息吹ときいて、まっ先に思い浮かべるのが、聖女リタの"ぶどうの樹"である。
リタは結婚し、子どもも生まれ、普通の結婚生活を送り、夫や子どもを天国へ送り出したあと修道女になったまれな女性である。
リタは字が読めなかったので、修道院の規則をすべて覚えるのには時間がかかった。そのため数々の失敗もした。
修道院長は厳しく、すべての修道女の前で叱咤した。修道女たちも院長にならえで、リタにきつくあたった。
そんなある日、修道院長が庭の隅の壁際にある古いぶどうの樹に、毎朝、毎晩、水をやるようにとリタに命じた。
その樹はすでに枯れてしまっていて、水をやっても無駄だと思われた。しかし、リタは上長の命令ゆえ、従順に従った。

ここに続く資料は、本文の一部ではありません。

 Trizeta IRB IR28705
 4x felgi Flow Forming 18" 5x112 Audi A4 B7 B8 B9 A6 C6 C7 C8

ただひたすら、毎朝、毎晩、欠かすことなく水をやり続けた。
1年も経ったある日、枯枝に小さな黄緑の芽が生まれた。
リタの従順さに心を打たれた神さまが、ぶどうの樹に息吹を与えたのであった。
その時のリタの喜びはいかほどであっただろうか。
院長をはじめ、リタの単純さを陰で笑っていた修道女たちもどんなに驚いたことだろう。
院長はぶどうの樹の芽を見て、リタの従順と謙遜を認めることとなった。
このぶどうの樹はイタリアのカスシアの修道院に今も見ることが出来るそうである。
リタは1381年生まれだから、実に600年以上もこのみどりの樹は生きているのである。
従順という一念を神さまは愛されたのである。